I used NetworkX to visualise the graph, with no line colours and a randomised layout. Only the stations and their connections are displayed.

The tube map imported as a graph and visualised using NetworkX

The tube map imported as a graph and visualised using NetworkX.

Animating pathfinding algorithms

Although NetworkX provides a smörgåsbord of shortest path algorithms, since during their execution I wanted to have custom code to hide / show stations, I had to roll my own.

Initially all stations’ visibility is set to hidden. For each station visited, the algorithm changes the SVG’s grouped station element with the relevant ID to visible. Once the shortest path is found, all visited stations are dimmed and as the algorithm retraces its steps, it returns those stations that are on the path to full opacity.

For each of the changes to the SVG described above, a copy of the SVG file is made, thus generating a frame.
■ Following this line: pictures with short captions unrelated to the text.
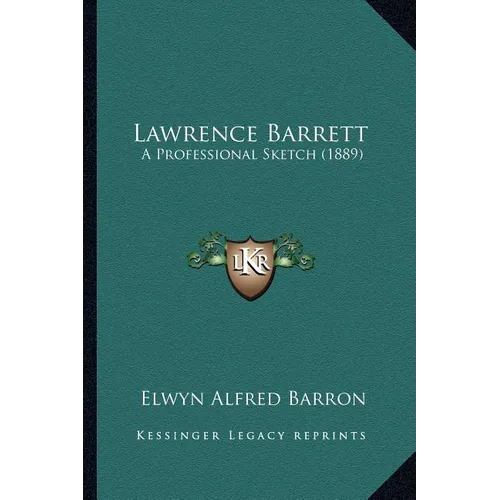 Lawrence Barrett: A Professional Sketch (1889)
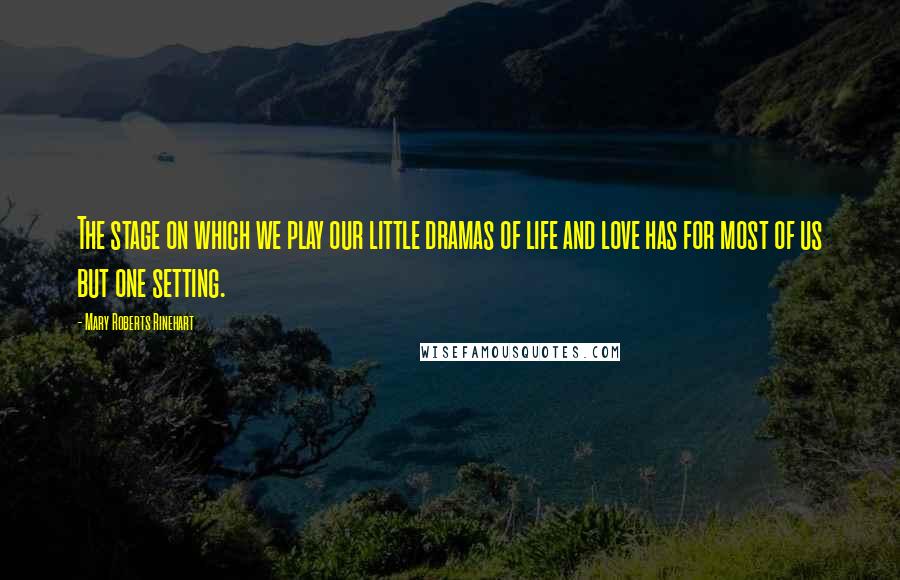 Mary Roberts Rinehart Quotes: The stage on which we play our little dramas of life and love has for most of us but one setting.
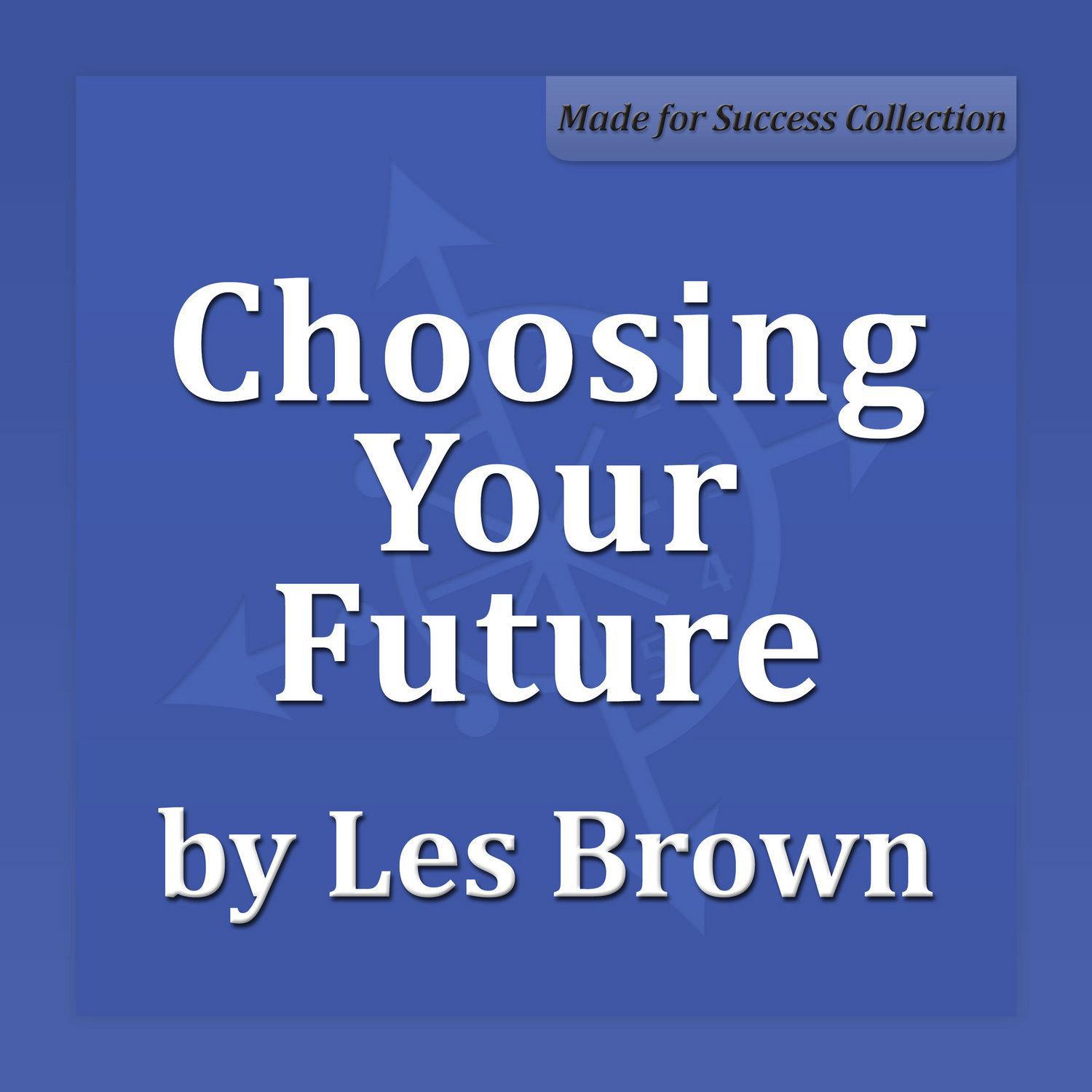 Choosing Your Future Part 4
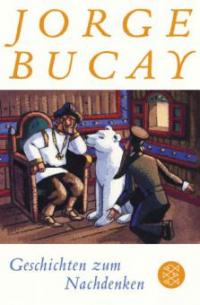 Geschichten zum Nachdenken - Jorge Bucay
It amounts to one frame per station plus some more for displaying the shortest path. FFMPEG, if compiled with SVG support (and usually it is) can natively take in the SVG ‘frames’ and output them into an video format.

ffmpeg -r 10 -i out/frames/%05d.svg -vf format=yuv420p out/animation.mp4

This process involved plenty of research on the internet and the sources are too many to feasibly list here (Stack Overflow is a godsend). All my source code for the project is available on GitHub.